The error should be small for short simulation times, limited mainly by the ABC’s inability to perfectly absorb non-normal components of the numerical dispersion.

8.5 2D FDTD Implementation

Extending to two dimensions introduces new challenges: the 2D Yee cell has three field components arranged on cell edges and centers, and the stability condition becomes more restrictive. Most importantly, we need absorbing boundary conditions that work at oblique incidence angles.
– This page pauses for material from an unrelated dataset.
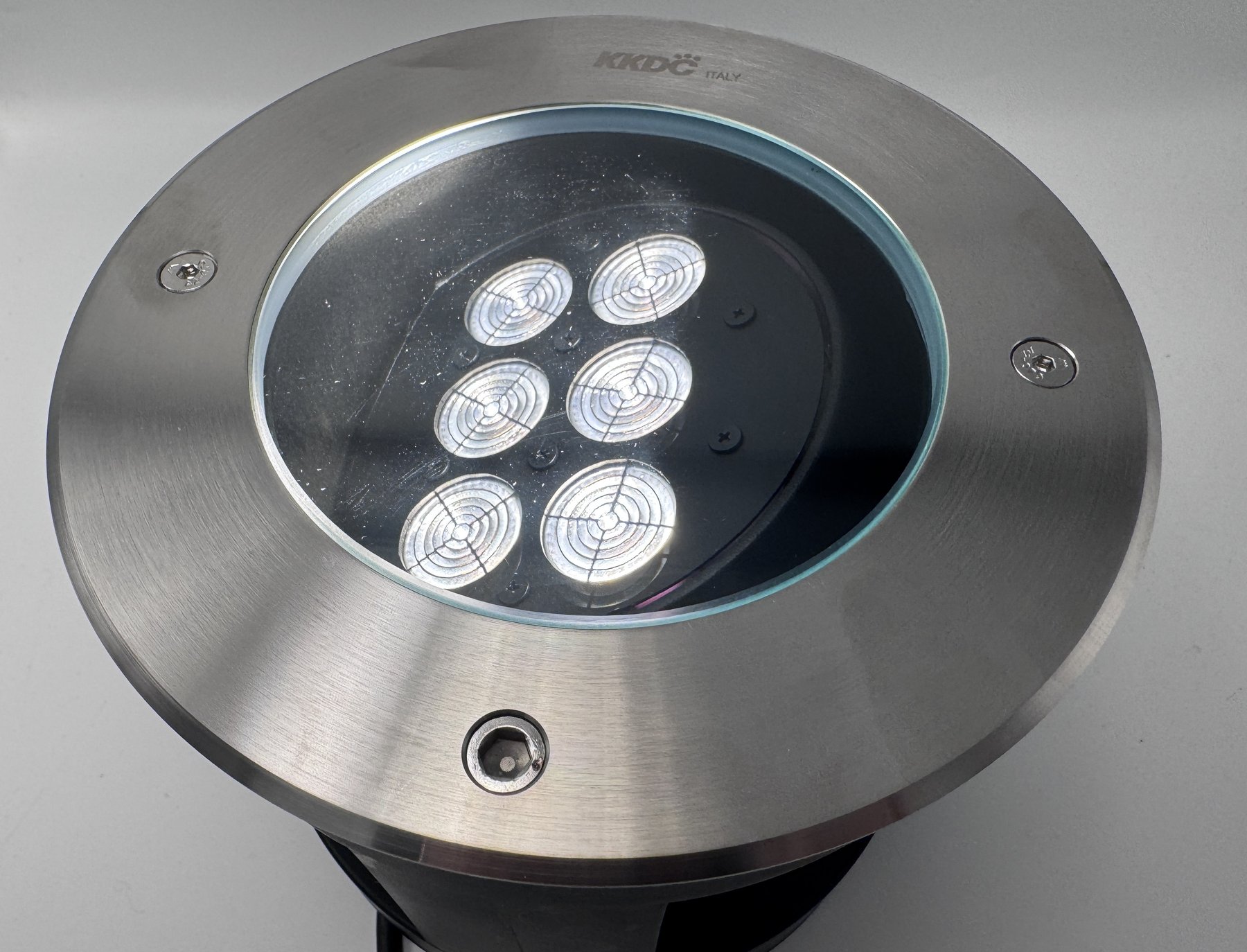 Twist-20 in-ground light — view 1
8.5.1 TE and TM Modes in 2D

In 2D simulations, we have two independent polarizations:

TE Mode (Transverse Electric): \(E_x\), \(E_y\), \(H_z\)

Electric field lies in the \(xy\)-plane
Magnetic field is normal to the plane

TM Mode (Transverse Magnetic): \(H_x\), \(H_y\), \(E_z\)

Magnetic field lies in the \(xy\)-plane
Electric field is normal to the plane

We implement the TM mode (a single out-of-plane electric component). The governing equations are: \[ \frac{\partial H_x}{\partial t} = -\frac{1}{\mu}\frac{\partial E_z}{\partial y} \tag{8.30}\] \[ \frac{\partial H_y}{\partial t} = \frac{1}{\mu}\frac{\partial E_z}{\partial x} \tag{8.31}\] \[ \frac{\partial E_z}{\partial t} = \frac{1}{\varepsilon}\left(\frac{\partial H_y}{\partial x} - \frac{\partial H_x}{\partial y}\right) \tag{8.32}\]

8.5.2 The 2D Solver

The src.em.maxwell2D_devito module provides a 2D TM-mode solver using Devito (Luporini et al. 2020):

from src.em import solve_maxwell_2d, gaussian_source_2d
import numpy as np

# Gaussian initial condition at domain center
def E_init(X, Y):
    return gaussian_source_2d(X, Y, x0=0.5, y0=0.5, sigma=0.05)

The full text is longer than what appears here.